Llegando al final de la película, después de ver a los agentes y matones pegar y disparar a unos huelguistas, es atacado una vez más, esta vez por un hombre con una insignia y un garrote. Le arrebata la porra y lo mata. La lección es clara: Tom ha aprendido quiénes son sus verdaderos enemigos y ahora puede enfocar su vida con objetivos claros.

Técnicamente la obra es superlativa, con un sobresaliente Ford que firmó una de las mejores películas de todos los tiempos. El reparto es sensacional, con un Henry Fonda en un trabajo casi perfecto como Tom; la actriz Jane Darwell en el rol de Ma Joad ganó el Oscar a la mejor actriz de reparto; John Carradine también juega un papel decisivo como Casy, el predicador reformado. Sensacional, como ya he apuntado, una Jane Darwell que le da fuerza y liderazgo a la familia. El abuelo Charley Grapewin es rico en humor y tragedia. Completan la lista Russell Simpson, Dorris Bowden, Zeffie Tilbury y Frank Darien.

Gran fotografía de Gregg Toland, que trabajó con niveles de luz muy bajos en un filme donde abundan las imágenes nocturnas. La fotografía de Toland captura la rigurosa sencillez de los migrantes, pobres, gente cansada, aturdida y con limitado caudal de esperanza. Cabe recordar las imágenes de la granja de Joad, donde Tom y el predicador parecen iluminados apenas por una vela. La fotografía de Toland captura la rigurosa sencillez de los migrantes pobres.

Tiene todos los ingredientes para servir a modo de lección sobre la vida y el mundo que nos toca, con muchas equivalencias con nuestra época.

Además, sin duda por la experiencia anterior de Ford con películas que venían del cine mudo en las que tuvo que trabajar con bajos presupuestos, en esta no hace uso de montajes ni movimientos de cámara innecesarios, de modo que el filme no contiene planos alegres o rutinarios. No hay un solo plano descuidado o común, pues es una obra basada en la experiencia real y el sentimiento de lo noble.
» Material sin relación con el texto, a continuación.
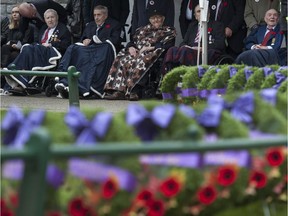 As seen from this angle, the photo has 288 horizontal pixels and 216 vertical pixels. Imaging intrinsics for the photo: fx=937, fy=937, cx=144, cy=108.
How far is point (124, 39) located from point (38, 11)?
1.68 m

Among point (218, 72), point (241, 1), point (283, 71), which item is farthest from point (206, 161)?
point (241, 1)

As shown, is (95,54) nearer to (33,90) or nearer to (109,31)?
(109,31)

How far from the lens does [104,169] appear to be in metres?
3.06

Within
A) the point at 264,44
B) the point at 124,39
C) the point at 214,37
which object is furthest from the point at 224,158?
the point at 124,39

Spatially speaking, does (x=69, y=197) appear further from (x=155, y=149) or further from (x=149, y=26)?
(x=149, y=26)

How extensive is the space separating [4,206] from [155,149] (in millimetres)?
789

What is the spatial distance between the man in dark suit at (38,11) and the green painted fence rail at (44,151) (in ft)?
38.4

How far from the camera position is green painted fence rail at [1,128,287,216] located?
2486 millimetres

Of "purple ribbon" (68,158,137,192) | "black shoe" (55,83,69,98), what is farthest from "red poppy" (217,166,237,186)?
"black shoe" (55,83,69,98)

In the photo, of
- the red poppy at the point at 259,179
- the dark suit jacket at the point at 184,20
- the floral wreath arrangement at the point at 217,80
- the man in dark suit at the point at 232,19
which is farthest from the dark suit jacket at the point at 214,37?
the red poppy at the point at 259,179

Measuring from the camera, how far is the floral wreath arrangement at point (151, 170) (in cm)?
316

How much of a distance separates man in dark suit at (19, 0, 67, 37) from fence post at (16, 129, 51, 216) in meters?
11.7

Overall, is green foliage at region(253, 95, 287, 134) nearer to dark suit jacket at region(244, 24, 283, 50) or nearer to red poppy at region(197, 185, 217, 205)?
red poppy at region(197, 185, 217, 205)

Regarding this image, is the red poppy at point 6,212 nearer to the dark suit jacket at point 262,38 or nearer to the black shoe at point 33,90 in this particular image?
the dark suit jacket at point 262,38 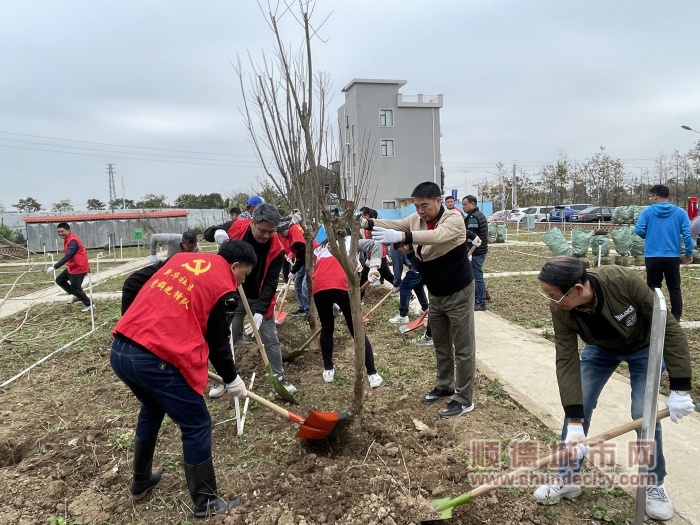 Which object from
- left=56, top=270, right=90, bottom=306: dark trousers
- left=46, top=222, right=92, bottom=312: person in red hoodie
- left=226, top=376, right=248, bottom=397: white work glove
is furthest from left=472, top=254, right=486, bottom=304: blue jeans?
left=56, top=270, right=90, bottom=306: dark trousers

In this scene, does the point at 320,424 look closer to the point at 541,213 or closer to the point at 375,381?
the point at 375,381

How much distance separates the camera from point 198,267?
2330 millimetres

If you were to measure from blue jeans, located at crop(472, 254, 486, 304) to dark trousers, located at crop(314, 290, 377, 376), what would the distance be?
9.37 ft

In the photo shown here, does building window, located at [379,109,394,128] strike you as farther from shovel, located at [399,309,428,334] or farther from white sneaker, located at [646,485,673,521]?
white sneaker, located at [646,485,673,521]

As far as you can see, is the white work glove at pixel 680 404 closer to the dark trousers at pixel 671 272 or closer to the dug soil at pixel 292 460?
the dug soil at pixel 292 460

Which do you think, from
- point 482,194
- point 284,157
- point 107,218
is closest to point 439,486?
point 284,157

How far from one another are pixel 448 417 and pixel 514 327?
294 cm

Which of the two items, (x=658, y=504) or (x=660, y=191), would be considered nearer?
(x=658, y=504)

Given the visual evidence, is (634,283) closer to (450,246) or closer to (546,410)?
(450,246)

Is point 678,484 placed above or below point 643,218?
below

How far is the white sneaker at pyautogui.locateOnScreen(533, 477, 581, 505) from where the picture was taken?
2.42 meters

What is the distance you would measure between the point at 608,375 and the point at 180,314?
7.23ft

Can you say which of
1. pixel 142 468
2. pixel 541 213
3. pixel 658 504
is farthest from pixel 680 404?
pixel 541 213

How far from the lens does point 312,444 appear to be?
118 inches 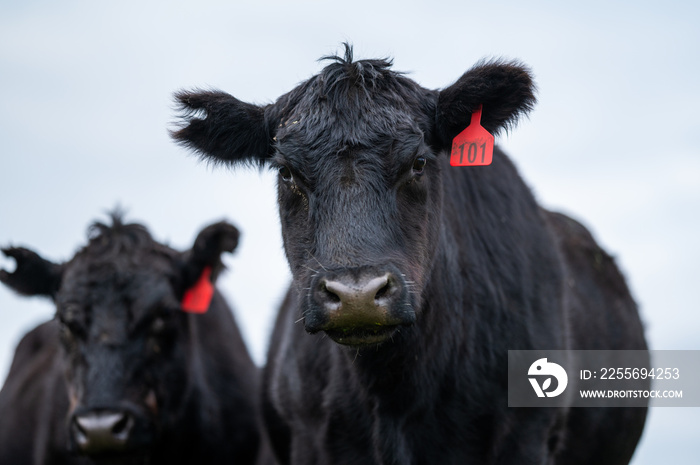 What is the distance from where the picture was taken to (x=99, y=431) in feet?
22.1

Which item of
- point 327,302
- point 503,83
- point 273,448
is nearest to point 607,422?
point 273,448

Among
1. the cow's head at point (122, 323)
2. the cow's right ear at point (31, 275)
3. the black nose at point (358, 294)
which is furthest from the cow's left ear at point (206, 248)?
the black nose at point (358, 294)

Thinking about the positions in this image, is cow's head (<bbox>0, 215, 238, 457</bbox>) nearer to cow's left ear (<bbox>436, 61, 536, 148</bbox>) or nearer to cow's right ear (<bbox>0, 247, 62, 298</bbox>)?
cow's right ear (<bbox>0, 247, 62, 298</bbox>)

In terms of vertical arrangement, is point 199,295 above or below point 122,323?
above

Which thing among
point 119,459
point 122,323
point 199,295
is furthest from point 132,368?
point 199,295

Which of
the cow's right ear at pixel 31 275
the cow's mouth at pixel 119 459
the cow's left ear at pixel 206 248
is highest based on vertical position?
the cow's left ear at pixel 206 248

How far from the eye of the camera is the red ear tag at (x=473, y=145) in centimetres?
525

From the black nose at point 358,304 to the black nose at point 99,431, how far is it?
3.07m

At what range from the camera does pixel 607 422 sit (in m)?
7.12

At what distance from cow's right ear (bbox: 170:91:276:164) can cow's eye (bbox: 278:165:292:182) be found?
50 cm

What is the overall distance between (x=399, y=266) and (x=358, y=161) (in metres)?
0.66

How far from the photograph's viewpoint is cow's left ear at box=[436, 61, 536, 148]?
5207 millimetres

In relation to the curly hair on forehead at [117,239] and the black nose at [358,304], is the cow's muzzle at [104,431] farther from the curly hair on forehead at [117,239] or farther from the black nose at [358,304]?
the black nose at [358,304]

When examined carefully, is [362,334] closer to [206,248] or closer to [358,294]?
[358,294] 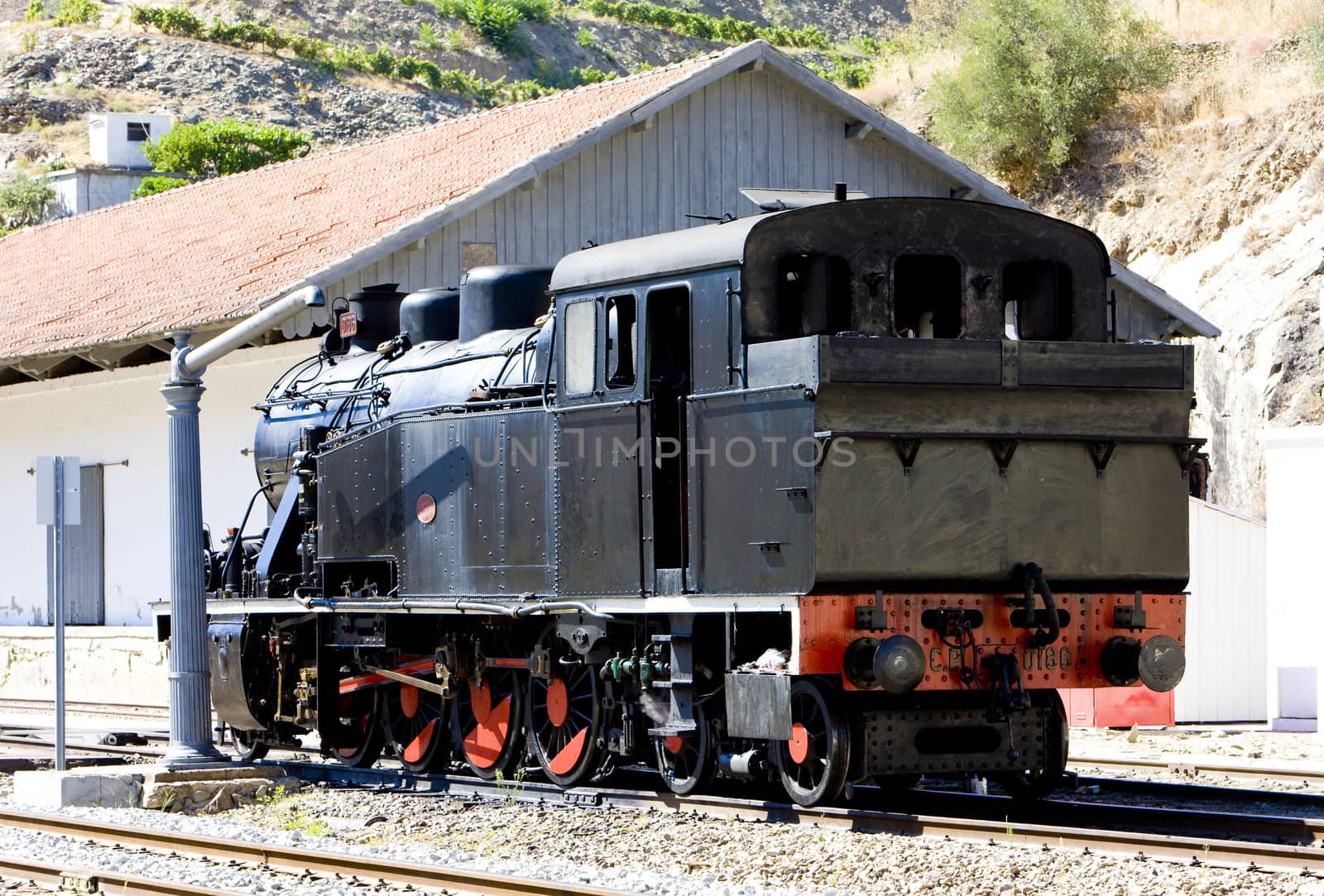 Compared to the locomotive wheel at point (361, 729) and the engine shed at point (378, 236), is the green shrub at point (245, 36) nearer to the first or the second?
the engine shed at point (378, 236)

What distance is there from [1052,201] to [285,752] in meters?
23.6

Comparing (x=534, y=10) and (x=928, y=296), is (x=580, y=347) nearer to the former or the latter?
(x=928, y=296)

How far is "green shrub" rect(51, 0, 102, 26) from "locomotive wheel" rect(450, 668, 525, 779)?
90800mm

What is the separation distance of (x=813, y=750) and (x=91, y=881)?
3.84 metres

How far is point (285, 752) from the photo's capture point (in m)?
15.5

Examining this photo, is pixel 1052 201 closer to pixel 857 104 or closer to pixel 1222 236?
pixel 1222 236

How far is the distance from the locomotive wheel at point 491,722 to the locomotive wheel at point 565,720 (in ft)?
0.58

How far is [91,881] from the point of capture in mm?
7918

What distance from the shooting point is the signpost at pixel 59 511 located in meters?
11.9

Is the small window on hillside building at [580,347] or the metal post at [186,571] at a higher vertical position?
the small window on hillside building at [580,347]

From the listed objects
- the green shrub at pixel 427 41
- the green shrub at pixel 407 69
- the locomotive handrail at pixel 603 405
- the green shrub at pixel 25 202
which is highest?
the green shrub at pixel 427 41

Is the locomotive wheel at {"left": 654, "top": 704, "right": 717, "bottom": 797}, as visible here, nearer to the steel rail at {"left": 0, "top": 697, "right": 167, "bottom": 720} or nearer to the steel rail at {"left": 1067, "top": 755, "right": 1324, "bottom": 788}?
the steel rail at {"left": 1067, "top": 755, "right": 1324, "bottom": 788}

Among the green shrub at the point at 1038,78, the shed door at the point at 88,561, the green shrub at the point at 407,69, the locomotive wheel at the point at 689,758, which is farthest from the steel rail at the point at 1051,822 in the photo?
the green shrub at the point at 407,69

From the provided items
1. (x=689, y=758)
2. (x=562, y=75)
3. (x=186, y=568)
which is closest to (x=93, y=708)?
(x=186, y=568) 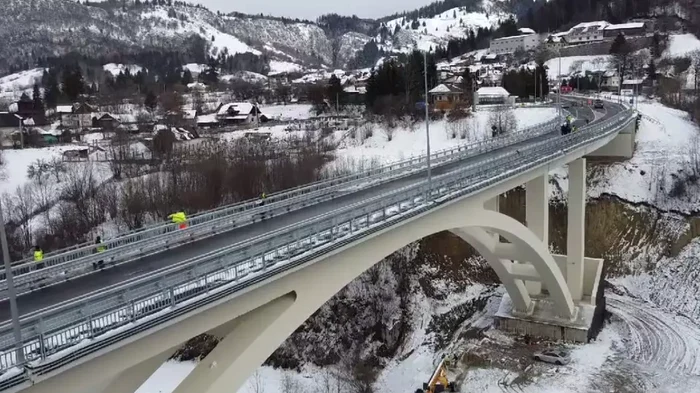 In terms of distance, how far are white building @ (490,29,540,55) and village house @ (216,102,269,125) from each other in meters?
62.0

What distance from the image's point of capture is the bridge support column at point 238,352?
11.4 metres

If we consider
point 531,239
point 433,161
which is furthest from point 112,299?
point 433,161

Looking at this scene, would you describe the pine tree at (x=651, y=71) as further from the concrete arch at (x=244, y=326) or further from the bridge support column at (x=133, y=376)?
the bridge support column at (x=133, y=376)

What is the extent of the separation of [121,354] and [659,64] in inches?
3618

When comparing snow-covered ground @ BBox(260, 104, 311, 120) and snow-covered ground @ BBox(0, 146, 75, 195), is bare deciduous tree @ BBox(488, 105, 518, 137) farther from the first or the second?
snow-covered ground @ BBox(0, 146, 75, 195)

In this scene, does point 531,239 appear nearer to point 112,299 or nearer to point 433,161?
point 433,161

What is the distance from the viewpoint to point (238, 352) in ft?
39.3

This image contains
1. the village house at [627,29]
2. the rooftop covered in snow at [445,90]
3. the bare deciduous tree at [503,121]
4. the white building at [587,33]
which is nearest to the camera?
the bare deciduous tree at [503,121]

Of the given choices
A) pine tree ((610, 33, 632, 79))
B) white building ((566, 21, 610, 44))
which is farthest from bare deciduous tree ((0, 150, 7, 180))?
white building ((566, 21, 610, 44))

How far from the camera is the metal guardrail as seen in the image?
873 cm

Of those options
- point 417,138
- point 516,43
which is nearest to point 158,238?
point 417,138

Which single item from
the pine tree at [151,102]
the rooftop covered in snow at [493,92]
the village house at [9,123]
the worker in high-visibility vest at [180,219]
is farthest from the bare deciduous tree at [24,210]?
the rooftop covered in snow at [493,92]

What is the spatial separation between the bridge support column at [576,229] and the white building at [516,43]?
295 ft

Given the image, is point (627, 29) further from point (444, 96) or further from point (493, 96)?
point (444, 96)
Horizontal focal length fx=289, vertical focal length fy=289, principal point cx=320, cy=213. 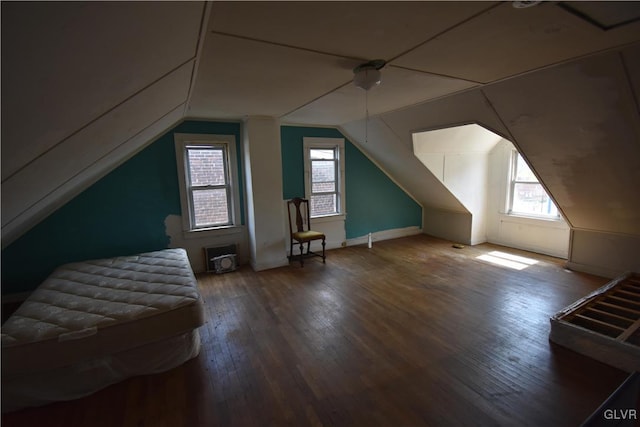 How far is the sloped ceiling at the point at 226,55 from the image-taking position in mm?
808

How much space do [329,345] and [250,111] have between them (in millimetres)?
2812

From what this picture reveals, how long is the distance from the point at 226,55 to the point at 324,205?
3.55 metres

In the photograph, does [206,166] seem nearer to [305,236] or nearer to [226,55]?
[305,236]

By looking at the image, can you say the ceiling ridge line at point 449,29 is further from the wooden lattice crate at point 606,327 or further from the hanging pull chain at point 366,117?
the wooden lattice crate at point 606,327

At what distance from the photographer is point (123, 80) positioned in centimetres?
130

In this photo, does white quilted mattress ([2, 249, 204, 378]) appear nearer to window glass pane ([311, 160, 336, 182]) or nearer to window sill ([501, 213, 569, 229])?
window glass pane ([311, 160, 336, 182])

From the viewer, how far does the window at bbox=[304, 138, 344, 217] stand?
4930mm

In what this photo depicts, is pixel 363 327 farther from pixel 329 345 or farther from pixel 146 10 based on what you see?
pixel 146 10

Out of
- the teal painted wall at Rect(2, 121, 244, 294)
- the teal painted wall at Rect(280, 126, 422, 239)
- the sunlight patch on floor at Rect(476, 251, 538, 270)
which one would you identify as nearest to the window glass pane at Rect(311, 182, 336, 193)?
the teal painted wall at Rect(280, 126, 422, 239)

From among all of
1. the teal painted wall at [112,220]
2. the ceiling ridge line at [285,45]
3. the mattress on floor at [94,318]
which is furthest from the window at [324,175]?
the ceiling ridge line at [285,45]

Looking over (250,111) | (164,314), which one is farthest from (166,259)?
(250,111)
Un canto a la dignidad de los desamparados que durante la Gran Depresión pusieron rumbo con tesón a un incierto porvenir. Y es también una lección de cine llena de escenas de esplendorosa hermosura y padecimiento. Película imprescindible, un drama absorbente, tenso, realista y con una importante carga de pirotecnia social y política, socialismo de la época en la que mucha gente era explotada, vejada y a veces asesinada.

En la grande, hermosa y lírica despedida de esta película se puede escuchar a Henry Fonda clamar: «Donde haya una posibilidad de que los hambrientos coman, allí estaré; donde haya un hombre que sufre, allí estaré; estaré en unos gritos de los hombres a quienes vuelven locos, y estaré en las risas de los niños cuando sientan hambre y la cena esté ya preparada; y cuando los hombres coman de las tierras que trabajan y vivan en las casas que levanten, allí también estaré; (…) allí donde haya injusticia, sufrimiento, gente acorralada, estaré yo».

La situación de los Joad y de cientos de otras familias de refugiados durante su frenética búsqueda de trabajo en la California de aquella época es una visualización impactante de lo que ocurre hoy con la inmigración, una situación que exige una generosa atención humanitaria y una seria reflexión que Ford nos aporta con su magisterio.

Por eso, esta película tiene todos los ingredientes para servir a modo de lección sobre la vida y el mundo que nos toca, con muchas equivalencias con nuestra época. A la vez, es un alegato en favor de las mejores virtudes, una denuncia contra los peores pecados del género humano y también una interpelación en favor de la justicia social.